Однако он не обошел Берлин своим вниманием. Так, однажды на страницах «Берлинских вечерних листков», издаваемых им самим (об этом ниже) был опубликован его фельетон о некоем пьянице-солдате, любителе анисовой водки. Служил в Берлине солдат – совершенный пьяница, который после очередного наказания решил, наконец, отказаться от потребления бренди, и не потреблял его три дня. А на четвертый день нашли его пьяным и посадили под арест. Допрос солдата ошеломил судившего его офицера. Солдат объявил виновником своего «падения» берлинские колокола, обладающие огромной искушающей силой.
Солдат рассказал, что, когда он, совершенно трезвый, пересекал Люстгартен, то колокол Домского собора прозвучал-проговорил отчетливо» «Померанцы, померанцы, померанцы». А на Кенигштрассе ратушные колокола прозвенели: «Кюммель, кюммель, кюммель». Солдат старался не слушать звуков знакомых названий шнапсов и ликеров. Однако на обратном пути к Шпиттельмаркту прозвучало: «Анисхен, анисхен, анисхен». Перед таким призывом не устоял солдат, и он не помнил, что с ним было дальше. Так необычно услышал Клейст звуки церковных колоколов в городском центре – неожиданная лирическая «берлинская нота» в его творчестве.
В 1807 году Клейст написал пьесу «Разбитый кувшин», в которой первым – в масштабах мировой литературы – показал преимущества, сценичность, эффектность судебного процесса, зала суда на сцене, положив начало целому литературному направлению. Нынче, как я уже говорила, пьеса является лучшей немецкой комедией и символом комедии как таковой.
Одно из действующих лиц комедии – судья, который в начале действия судит, а в конце сам становится подсудимым. К тому же, возникает подозрение, что он связан с нечистой силой, а зовут его Адам.
Примерно в это же время некто Мюллер, по странному стечению обстоятельств тоже Адам, обратил внимание на «детски добродушного» Клейста и оказал непечатающемуся автору услугу: помог опубликовать драму «Амфитрион».
Уже давно замечено, что у истинного поэта зачастую появляется свой собственный «черный человек». Эта «добрая традиция» – одно из свойств немецкого романтизма. Гений по определению беззащитен и доверчив и, стало быть, его талант, способность творить можно использовать для всевозможных целей.

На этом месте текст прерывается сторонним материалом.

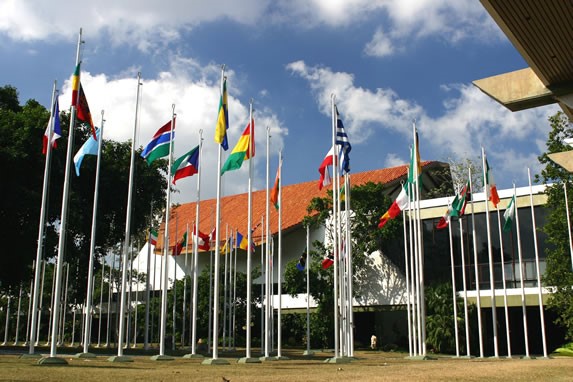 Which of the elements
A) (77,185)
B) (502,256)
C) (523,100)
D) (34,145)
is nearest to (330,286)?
(502,256)

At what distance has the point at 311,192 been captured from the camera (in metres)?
49.1

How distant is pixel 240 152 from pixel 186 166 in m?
2.19

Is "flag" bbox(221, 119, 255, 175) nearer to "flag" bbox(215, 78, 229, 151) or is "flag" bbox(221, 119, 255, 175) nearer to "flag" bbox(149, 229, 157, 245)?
"flag" bbox(215, 78, 229, 151)

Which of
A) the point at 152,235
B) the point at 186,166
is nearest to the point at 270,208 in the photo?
the point at 152,235

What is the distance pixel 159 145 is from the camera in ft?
71.7

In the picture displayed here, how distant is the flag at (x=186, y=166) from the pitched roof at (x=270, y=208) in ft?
57.5

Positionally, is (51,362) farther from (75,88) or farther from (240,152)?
(240,152)

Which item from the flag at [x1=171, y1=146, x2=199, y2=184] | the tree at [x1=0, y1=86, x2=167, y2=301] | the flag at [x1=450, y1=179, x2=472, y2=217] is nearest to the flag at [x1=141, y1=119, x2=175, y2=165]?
the flag at [x1=171, y1=146, x2=199, y2=184]

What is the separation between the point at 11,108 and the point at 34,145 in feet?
14.2

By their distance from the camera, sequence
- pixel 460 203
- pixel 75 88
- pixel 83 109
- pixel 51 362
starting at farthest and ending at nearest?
pixel 460 203 → pixel 83 109 → pixel 75 88 → pixel 51 362

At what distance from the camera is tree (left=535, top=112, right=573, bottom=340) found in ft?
90.0

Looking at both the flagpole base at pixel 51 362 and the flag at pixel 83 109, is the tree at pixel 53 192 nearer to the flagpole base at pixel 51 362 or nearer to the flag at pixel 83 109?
the flag at pixel 83 109

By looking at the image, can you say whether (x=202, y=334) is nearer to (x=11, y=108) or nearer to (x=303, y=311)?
(x=303, y=311)

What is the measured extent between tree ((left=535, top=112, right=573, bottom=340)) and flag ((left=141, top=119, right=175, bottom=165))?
16.1m
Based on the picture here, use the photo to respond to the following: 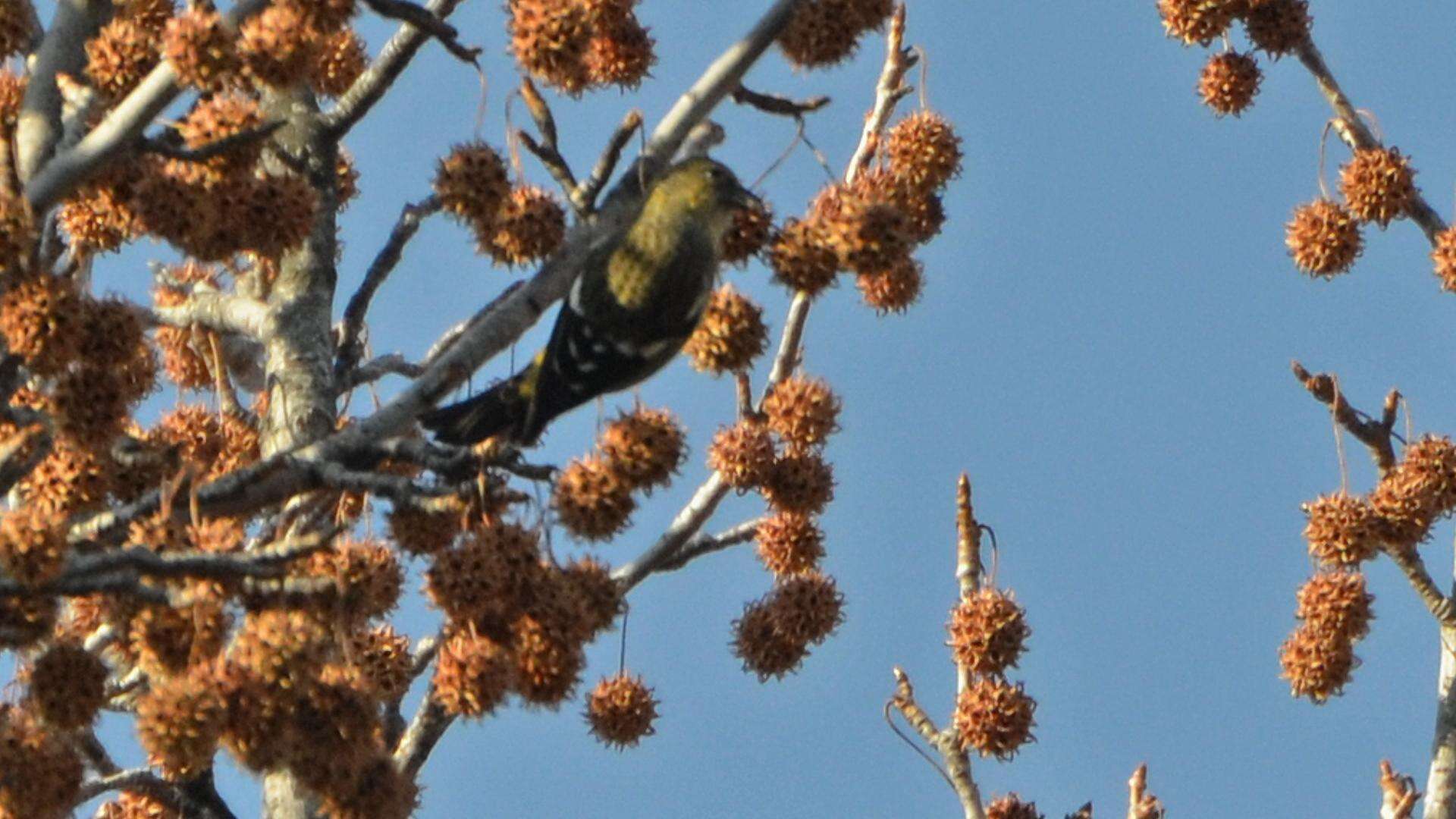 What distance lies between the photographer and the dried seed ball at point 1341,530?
7.49 meters

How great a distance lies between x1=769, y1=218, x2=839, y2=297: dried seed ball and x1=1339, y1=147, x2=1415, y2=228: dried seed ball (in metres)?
3.23

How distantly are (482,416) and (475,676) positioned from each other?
2.50 meters

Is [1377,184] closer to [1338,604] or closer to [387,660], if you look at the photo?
[1338,604]

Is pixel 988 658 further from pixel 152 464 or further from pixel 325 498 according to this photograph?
pixel 152 464

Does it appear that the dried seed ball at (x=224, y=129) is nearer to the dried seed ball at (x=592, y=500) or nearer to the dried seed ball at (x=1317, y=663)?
the dried seed ball at (x=592, y=500)

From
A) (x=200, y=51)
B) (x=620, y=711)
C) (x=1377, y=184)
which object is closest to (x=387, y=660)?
(x=620, y=711)

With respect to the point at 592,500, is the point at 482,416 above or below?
above

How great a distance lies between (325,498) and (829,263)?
146 cm

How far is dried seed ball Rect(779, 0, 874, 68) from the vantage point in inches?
219

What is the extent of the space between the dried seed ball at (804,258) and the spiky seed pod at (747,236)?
123mm

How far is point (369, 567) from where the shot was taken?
504 centimetres

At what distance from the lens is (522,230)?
5.48 metres

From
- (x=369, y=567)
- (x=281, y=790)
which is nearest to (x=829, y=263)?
(x=369, y=567)

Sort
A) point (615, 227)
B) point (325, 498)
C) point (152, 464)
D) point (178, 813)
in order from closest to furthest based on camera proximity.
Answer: point (152, 464)
point (325, 498)
point (615, 227)
point (178, 813) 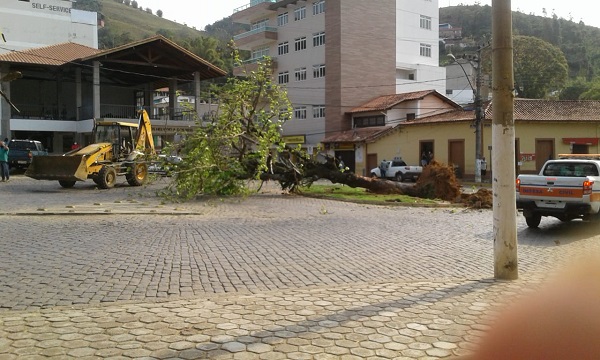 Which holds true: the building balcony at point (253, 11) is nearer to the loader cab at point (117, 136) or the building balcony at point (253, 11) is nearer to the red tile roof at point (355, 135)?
the red tile roof at point (355, 135)

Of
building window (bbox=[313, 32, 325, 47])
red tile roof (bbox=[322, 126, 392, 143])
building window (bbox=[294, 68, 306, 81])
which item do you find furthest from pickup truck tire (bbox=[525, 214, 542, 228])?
building window (bbox=[294, 68, 306, 81])

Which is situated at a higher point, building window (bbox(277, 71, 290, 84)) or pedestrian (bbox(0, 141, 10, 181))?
building window (bbox(277, 71, 290, 84))

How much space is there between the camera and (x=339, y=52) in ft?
155

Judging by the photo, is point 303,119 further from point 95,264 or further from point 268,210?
point 95,264

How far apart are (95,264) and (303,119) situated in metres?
44.2

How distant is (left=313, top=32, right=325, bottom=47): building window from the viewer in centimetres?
4907

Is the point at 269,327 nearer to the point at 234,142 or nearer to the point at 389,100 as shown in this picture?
the point at 234,142

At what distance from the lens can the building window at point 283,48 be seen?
175ft

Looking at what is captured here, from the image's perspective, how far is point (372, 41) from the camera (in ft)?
163

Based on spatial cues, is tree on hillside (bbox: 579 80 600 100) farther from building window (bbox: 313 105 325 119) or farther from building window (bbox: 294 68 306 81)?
building window (bbox: 294 68 306 81)

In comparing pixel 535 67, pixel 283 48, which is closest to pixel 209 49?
pixel 283 48

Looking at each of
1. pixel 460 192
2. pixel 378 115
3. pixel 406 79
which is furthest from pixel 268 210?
pixel 406 79

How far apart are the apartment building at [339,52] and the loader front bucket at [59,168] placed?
29075 millimetres

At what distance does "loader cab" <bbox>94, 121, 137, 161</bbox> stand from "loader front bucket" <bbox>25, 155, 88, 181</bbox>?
2578mm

Адам Мюллер совместно с Клейстом в 1808 году в Дрездене начал издавать политический журнал «Фобус», который очень скоро обанкротился. Вернее, обанкротились Клейст и его сестра Ульрика, что же касается Адама Мюллера, то он остался финансово неуязвим. Более того, благодаря публикации на страницах журнала своих лекций, он поднял свой престиж и издал в Берлине книгу «Искусство управления государством». После чего Мюллер посчитал себя достойным профессорского места в университете, однако Вильгельм Гумбольдт, один из основателей Берлинского университета (он так же исполнял обязанности директора департамента исповеданий и просвещения при прусском министерстве внутренних дел) отклонил его кандидатуру. Но доверчивый Клейст по-прежнему восхищался эрудицией Мюллера в области политики, эстетики и литературы. Поэтому, не оправившись еще от банкротства «Фобуса», он вновь объединился с Мюллером для создания в Берлине ежедневной антифранцузской газеты «Берлинские вечерние листки» («Berliner Abendblatter» – по адресу Нinter der Katholischen Kirche в доме № 3).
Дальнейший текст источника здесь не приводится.